When we save root module output values into the state, we're limited by the schema of the state to only have a single sensitive flag for the entire value. For example:

output "example" {
  value = {
    a = "hello"
    b = sensitive("world")
  }
}

Terraform will reject that with the error we saw in other comments here:

╷
│ Error: Output refers to sensitive values
│ 
│   on sensitive-in-state.tf line 2:
│    2: output "example" {
│ 
│ Expressions used in outputs can only refer to sensitive values
│ if the sensitive attribute is true.
╵

So I add sensitive = true as directed, and then of course we get the whole thing marked as sensitive as we've seen:

Changes to Outputs:
  + example = (sensitive value)

If we look in the now we can see how Terraform encodes that:

{
  "version": 4,
  "terraform_version": "0.15.0",
  "serial": 1,
  "lineage": "c04b4155-3b9d-3c39-4152-eb48bedbc5f5",
  "outputs": {
    "example": {
      "value": {
        "a": "hello",
        "b": "world"
      },
      "type": [
        "object",
        {
          "a": "string",
          "b": "string"
        }
      ],
      "sensitive": true
    }
  },
  "resources": []
}

There is no native idea of "sensitive" in JSON, and Terraform is already using the entire range of possible JSON values for other meanings and so there's no room for overloading something to mean "sensitive" here. And so, as a compromise, there's just that "sensitive": true annotation belonging to the entire output value, separate from it's value and type.

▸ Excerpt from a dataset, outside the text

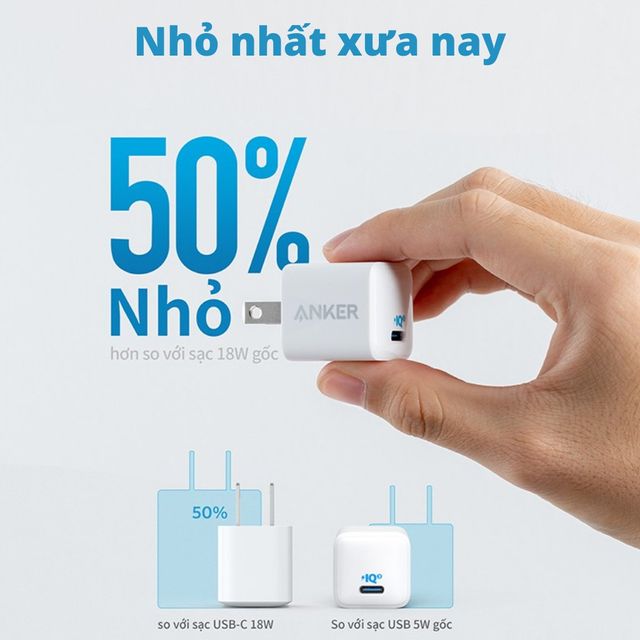 Sạc nhanh Anker Powerport III Nano 20W A2634 thiết kế nhỏ gọn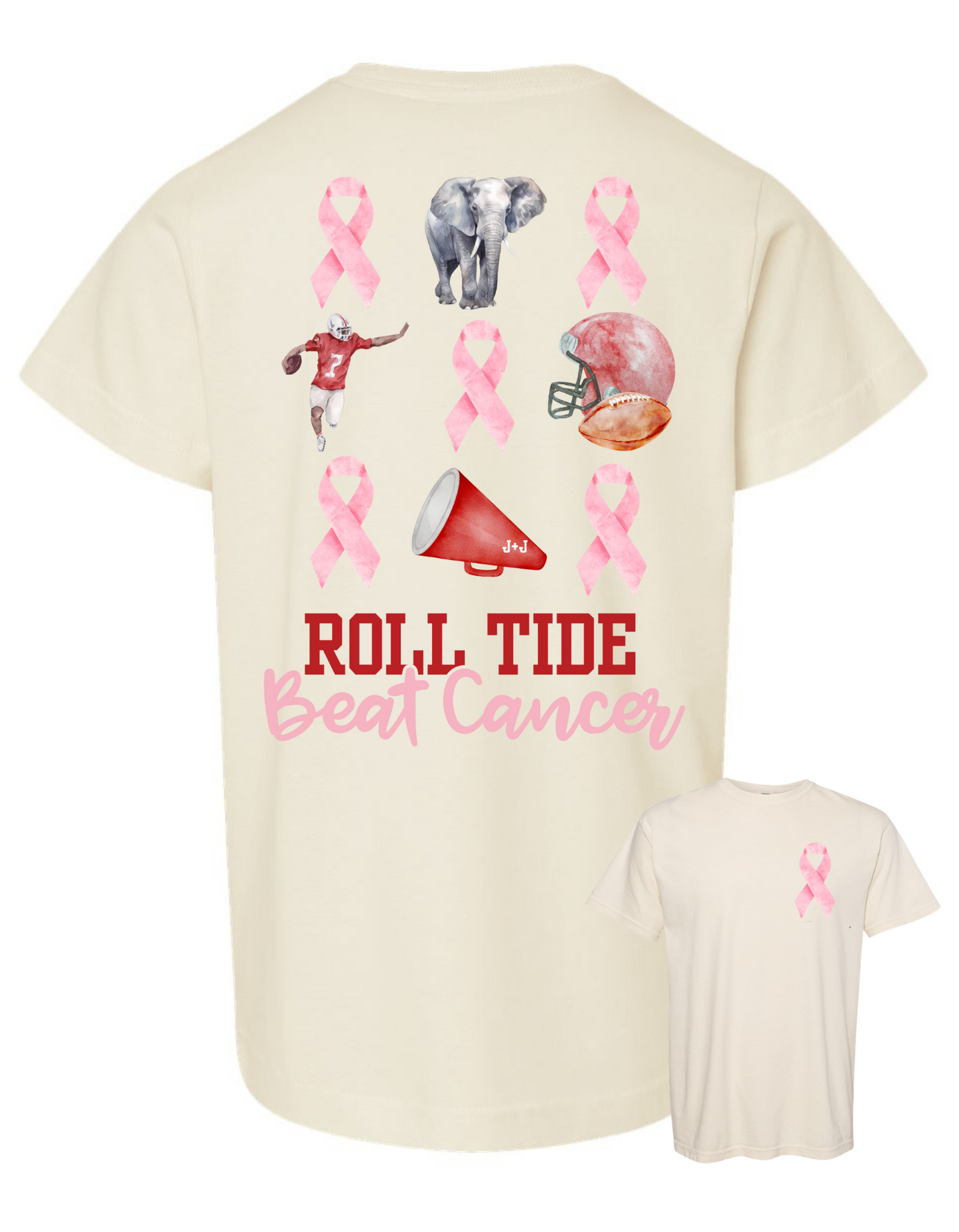 Roll Tide + Beat Cancer Comfort Color Tee (Sweatshirt Available)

In theory this single sensitive property could be replaced with a more complex data structure that tries to encode which parts of the data structure are sensitive. Maybe like this:

{
  "sensitive_parts": {
    "b": true
  }
}

...but that's a significantly more complex design, and may not be fully sufficient to represent all cases (I've not looked deeply to prove or disprove that).

However, the better news is that if we can design something like that which is sufficient to represent the details then in principle we could also retain the separate "sensitive": true as a sort of "summary" of that more complex property, which would allow keeping the state format backward-compatible with earlier versions which might be consuming this data using terraform_remote_state, or similar.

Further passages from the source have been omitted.